Gluten intolerance or gluten sensitivity is a condition that affects about 35% of the population today. For these people, their body lacks essential enzymes that are required to break down gluten particles. With all the misinformation about gluten intolerance floating around, many people have simply jumped onto the gluten-free bandwagon without knowing if gluten is actually bad for them. While gluten intolerance doesn’t affect every single person, it’s hard to tell if you’re part of the affected population without a proper blood test. The problem with these tests however, is that they’re very expensive. Instead of getting a full blood-analysis done, you can perform a simple test of your own at home to see if you really are sensitive to gluten.
The Elimination Test
The elimination diet involves removing certain foods from your diet to see how your body reacts to this change. Throughout this test, you will need to be very aware of your bodily responses. The best way to do this is to keep a little diary and document every change you feel through the day. On the first few days of the test, eat foods containing gluten with abandon. Gluten is commonly found in wheat, bran, couscous, semolina and other grains. Document how you feel after eating these foods. Take a note of your bowel movements, the consistency of your stools, any bloating or cramping you feel, even your mood over these days.
Symptoms To Watch Out For
The specific symptoms of gluten intolerance varies from person to person. You might experience all of these symptoms or even just a few. However, the most common symptom in people with gluten sensitivity is poor digestion. Since their body cannot break down gluten, they feel cramped, bloated, have terrible diarrhea and excessive gas. Other symptoms of gluten intolerance that aren’t related to digestion are migraines, ‘brain fog’, fatigue, water retention and pain in the joints. Since gluten intolerance results in inflammation, the symptoms can show up on the skin too. If you do have this condition, you might notice you get more acne or your psoriasis and eczema get aggravated when you eat a lot of gluten. Typically, after eliminating gluten from your diet, all of these symptoms should clear up on their own.

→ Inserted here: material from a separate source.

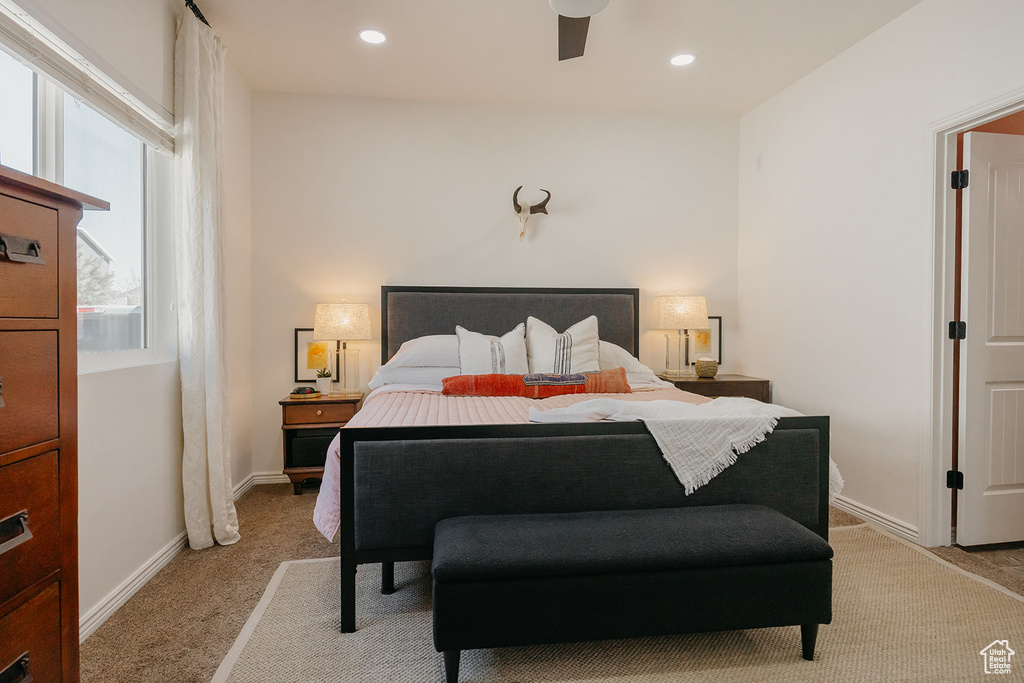 Bedroom with light colored carpet, a ceiling fan, and recessed lighting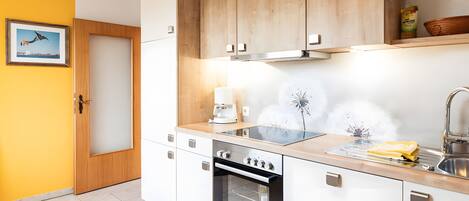 A modern kitchen with wooden cabinets, a built-in oven, a coffee maker, and a sink.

Next If You Have Gluten Intolerance?
If you don’t experience any of the above symptoms, then you can heave a sigh of relief and continue eating as much gluten as you want. However, if you are gluten intolerant, then you’re going to need to make some serious lifestyle changes to deal with your condition. The first step is to make a comprehensive list of all foods containing gluten. Apart from grain sources, gluten is also found in imitation meats (like vegan bacon), beer, malt, certain marinades, deli meats and even some lotions and lip balms. Reading food labels should become second nature to you if you want to make sure you aren’t consuming gluten.